Rhythm & Views

DeVotchKa

DeVotchKa's most recent release, How It Ends, was recorded here in town at WaveLab, and is even more desert-scorched than their previous records; you'd never know that DeVotchKa calls Denver home. Nick Luca lends a traditional Mexican-style guitar to "You Love Me" and "We're Leaving," and Naim Amor sings on "Viens Avec Moi." The songs rage with filmic flair, with the kind of density that develops when you mix traditional and modern melodies, throw in a variety of instruments and musicians to play them, and bring to boil.
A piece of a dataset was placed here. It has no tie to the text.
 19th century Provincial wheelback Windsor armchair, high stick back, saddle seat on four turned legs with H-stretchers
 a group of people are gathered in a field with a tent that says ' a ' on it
DeVotchKa is expert at augmenting their usual arsenal of violin, tuba, accordion, drums and guitar with bowed vibes, piano, theremin, horns, vibraphone and glockenspiel, among other things. The title track, "Dearly Departed" and "Too Tired" are all beautiful examples of this accenting, while "The Enemy Guns" and "Such a Lovely Thing" showcase the classic DeVotchKa instrumentation. There are moments of pure apocalypse on How It Ends: "Twenty-Six Temptations" features a tuba bass line under violin and piano, and by the time vocalist and guitarist Nick Urata raises the chorus, the tuba has become a creature of Gehenna.

How it Ends slinks dramatically into swirls of Old World- and Mexican-influenced orchestration; DeVotchKa stands proudly atop the peak of cathartic, tragic climax, fires of guitars and strings and full-body vocals blazing.